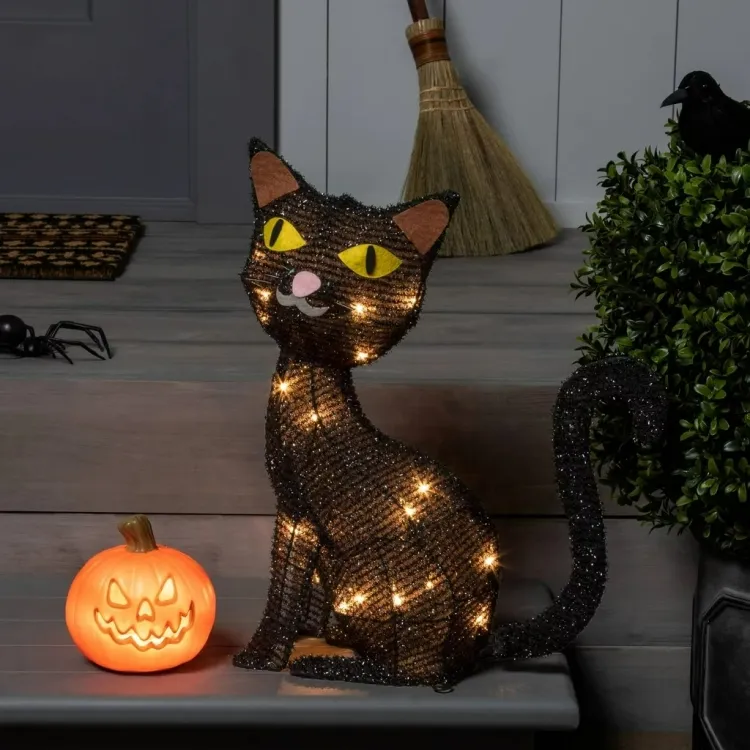 décoration Halloween 2022 éclairage chat noir citrouille araignée rampante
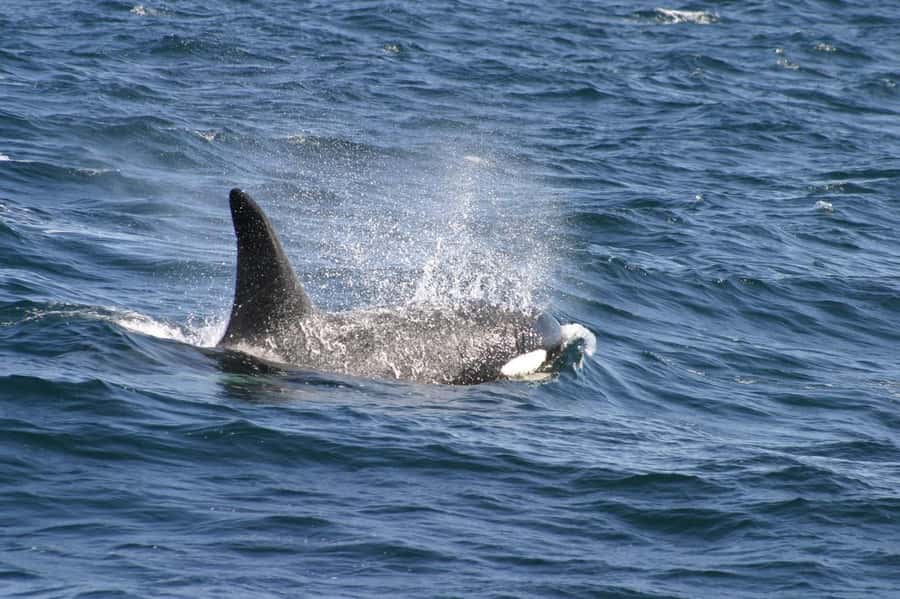 Dolphins & Whales, Private Tour Snorkeling - Key points to know before booking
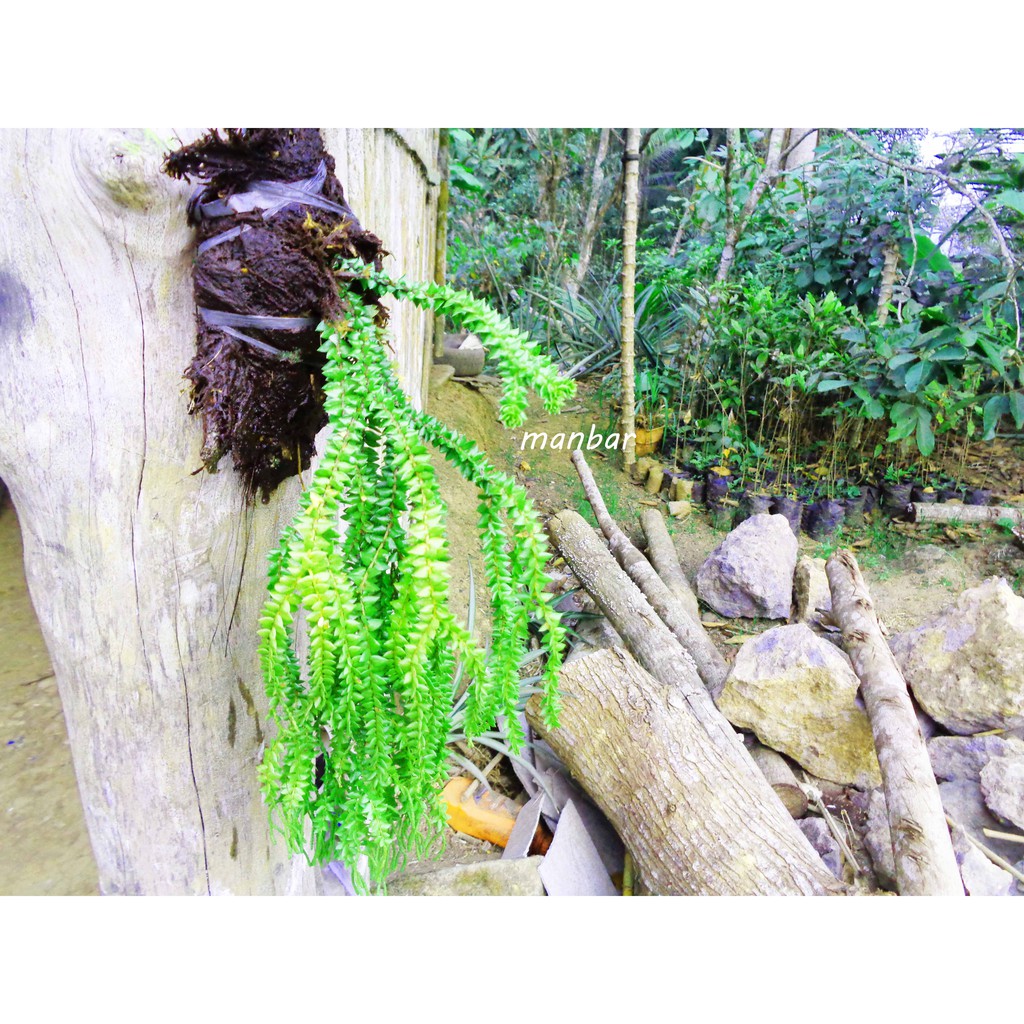 Jual rumpai tanaman rumpai tanaman hias kumpai tanaman hias gantung ...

----------------

- **PROMPT**
From the first line to the last, retype the material exactly and exclude the pictures.

- **EXERCISE ANSWER**
 décoration Halloween 2022 éclairage chat noir citrouille araignée rampante
 Dolphins & Whales, Private Tour Snorkeling - Key points to know before booking
 Jual rumpai tanaman rumpai tanaman hias kumpai tanaman hias gantung ...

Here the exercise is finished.